Output the data below exactly, without images.

***** DATA BLOCK *****

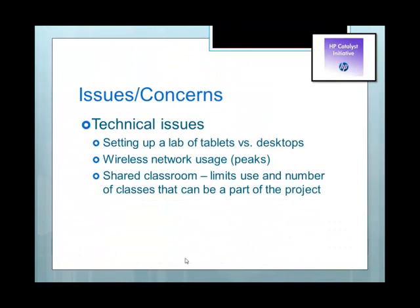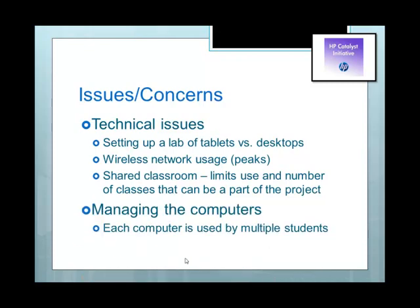Other issues we have are technical issues. Setting up a lab of tablets versus desktops — desktops are plugged in at all times and are far less mobile. With tablets, if the charge isn't long enough for the classes, the batteries run down and the tablets can't be used. Because they're wireless rather than wired, peak usage times could slow down your whole lesson. The classroom we have is shared, which limits how often we can offer this project. We also have an issue with managing the computers — because each computer is used by multiple students, we have to make sure students are not abusing them, eating food, breaking them, and so on.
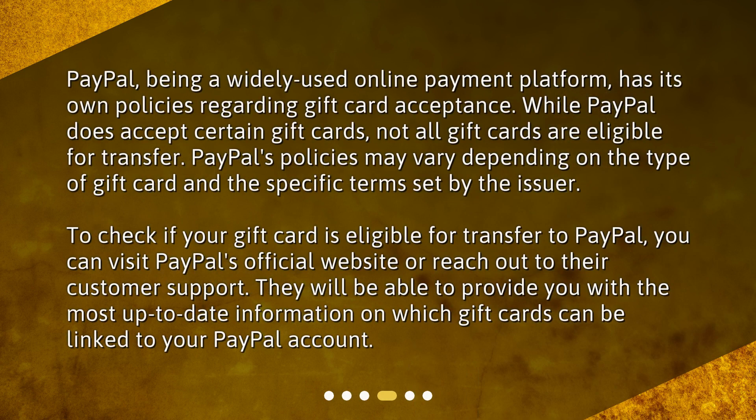PayPal, being a widely used online payment platform, has its own policies regarding gift card acceptance. While PayPal does accept certain gift cards, not all gift cards are eligible for transfer. PayPal's policies may vary depending on the type of gift card and the specific terms set by the issuer. To check if your gift card is eligible for transfer to PayPal, you can visit PayPal's official website or reach out to their customer support. They will be able to provide you with the most up-to-date information on which gift cards can be linked to your PayPal account.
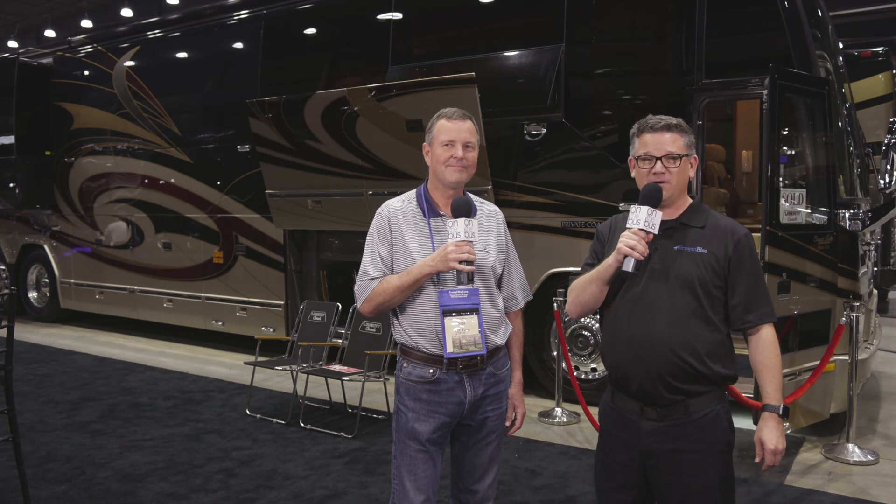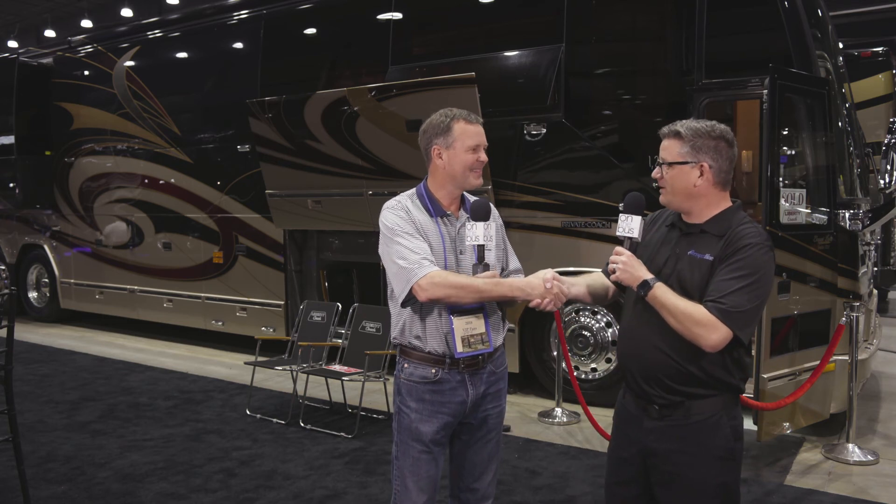Steve, congratulations on purchasing your motorhome. We wish you many miles of happiness, and thank you for taking a few minutes today. I'm Ryan Kelly, here at the 2018 Prevost Motorhome Expo. Congratulations, Steve. Thank you — I'm just excited for you. Thank you very much. Enjoy the journey.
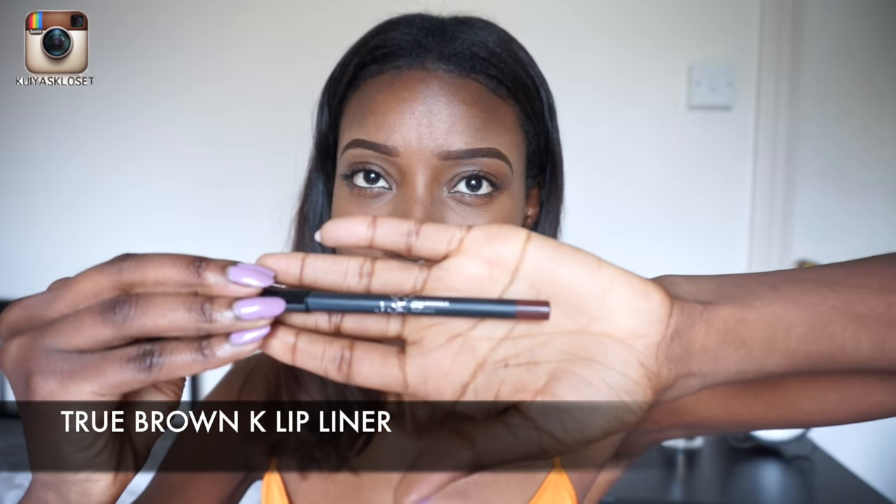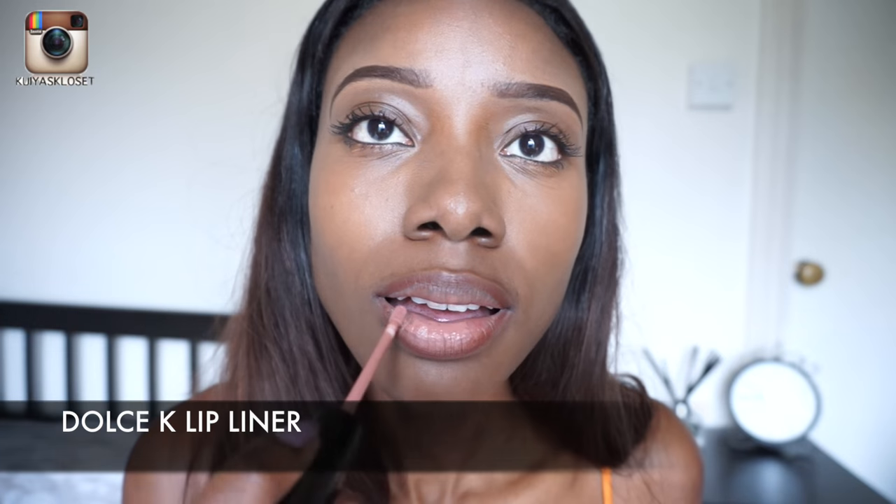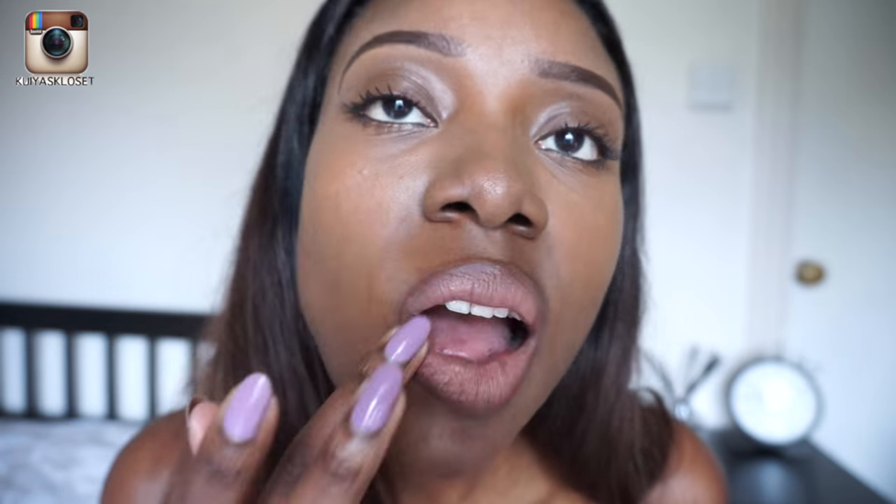I am not feeling this at all — absolutely not. I don't think this looks good at all. So this is Dolce K on along with the True Brown K lip liner, and I have to say it looks so much better compared to the Dolce K lip liner. It's more muted and it complements my skin tone a lot, lot better.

*****

*SOLUTION BELOW*
Other issues we have are technical issues. Setting up a lab of tablets versus desktops — desktops are plugged in at all times and are far less mobile. With tablets, if the charge isn't long enough for the classes, the batteries run down and the tablets can't be used. Because they're wireless rather than wired, peak usage times could slow down your whole lesson. The classroom we have is shared, which limits how often we can offer this project. We also have an issue with managing the computers — because each computer is used by multiple students, we have to make sure students are not abusing them, eating food, breaking them, and so on.
PayPal, being a widely used online payment platform, has its own policies regarding gift card acceptance. While PayPal does accept certain gift cards, not all gift cards are eligible for transfer. PayPal's policies may vary depending on the type of gift card and the specific terms set by the issuer. To check if your gift card is eligible for transfer to PayPal, you can visit PayPal's official website or reach out to their customer support. They will be able to provide you with the most up-to-date information on which gift cards can be linked to your PayPal account.
Steve, congratulations on purchasing your motorhome. We wish you many miles of happiness, and thank you for taking a few minutes today. I'm Ryan Kelly, here at the 2018 Prevost Motorhome Expo. Congratulations, Steve. Thank you — I'm just excited for you. Thank you very much. Enjoy the journey.
I am not feeling this at all — absolutely not. I don't think this looks good at all. So this is Dolce K on along with the True Brown K lip liner, and I have to say it looks so much better compared to the Dolce K lip liner. It's more muted and it complements my skin tone a lot, lot better.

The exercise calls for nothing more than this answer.